11.3 Modeling Seasonal SWE

When we look at all months, we see that SWE is highly seasonal. Note October and November are missing for all years.

swe.yr <- snotel
swe.yr <- swe.yr[swe.yr$Station.Id %in% y$Station.Id, ]
swe.yr$Station <- droplevels(swe.yr$Station)

Set up the data matrix of monthly SNOTEL data:

dat.yr <- snotel
dat.yr <- dat.yr[dat.yr$Station.Id %in% y$Station.Id, ]
dat.yr$Station <- droplevels(dat.yr$Station)
dat.yr$Month <- factor(dat.yr$Month, level = month.abb)
dat.yr <- reshape2::acast(dat.yr, Station ~ Year + Month, value.var = "SWE")

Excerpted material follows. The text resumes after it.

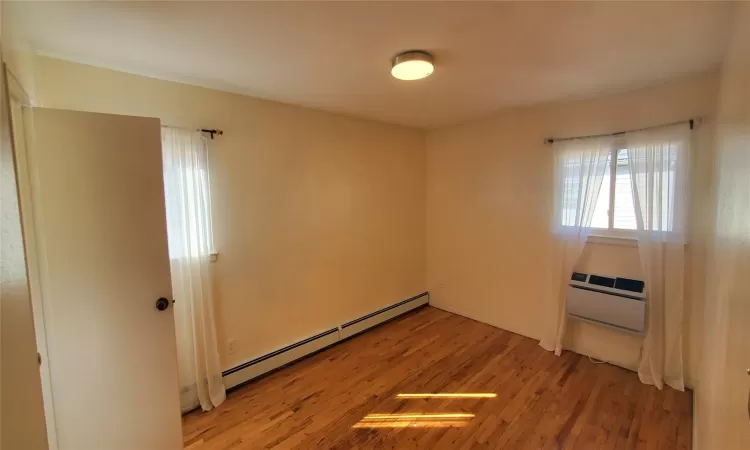 Spare room with baseboard heating, light hardwood / wood-style flooring, and a wall mounted air conditioner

We will model the seasonal differences using a periodic model. The covariates are

period <- 12
TT <- dim(dat.yr)[2]
cos.t <- cos(2 * pi * seq(TT)/period)
sin.t <- sin(2 * pi * seq(TT)/period)
c.seas <- rbind(cos.t, sin.t)

11.3.1 Modeling season across sites

We will create a state for the seasonal cycle and each station will have a scaled effect of that seasonal cycle. The observations will have the seasonal effect plus a mean and residuals (observation - season - mean) will be allowed to correlate across stations.

ns <- dim(dat.yr)[1]
B <- "zero"
Q <- matrix(1)
R <- "unconstrained"
U <- "zero"
x0 <- "zero"
Z <- matrix(paste0("z", 1:ns), ns, 1)
A <- "unequal"
mod.list.dfa = list(B = B, Z = Z, Q = Q, R = R, U = U, A = A, 
    x0 = x0)
C <- matrix(c("c1", "c2"), 1, 2)
c <- c.seas
mod.list.seas <- list(B = B, U = U, Q = Q, A = A, R = R, Z = Z, 
    C = C, c = c, x0 = x0, tinitx = 0)

Now we can fit the model:

m <- apply(dat.yr, 1, mean, na.rm = TRUE)
fit.seas <- MARSS(dat.yr, model = mod.list.seas, control = list(maxit = 500), 
    inits = list(A = matrix(m, ns, 1)))

The seasonal patterns

Figure @ref{fig:mssmiss-seas} shows the seasonal estimate plus prediction intervals for each station. This is \(z_i x_i + a_i\). The prediction interval shows our estimate of the range of the data we would see around the seasonal estimate.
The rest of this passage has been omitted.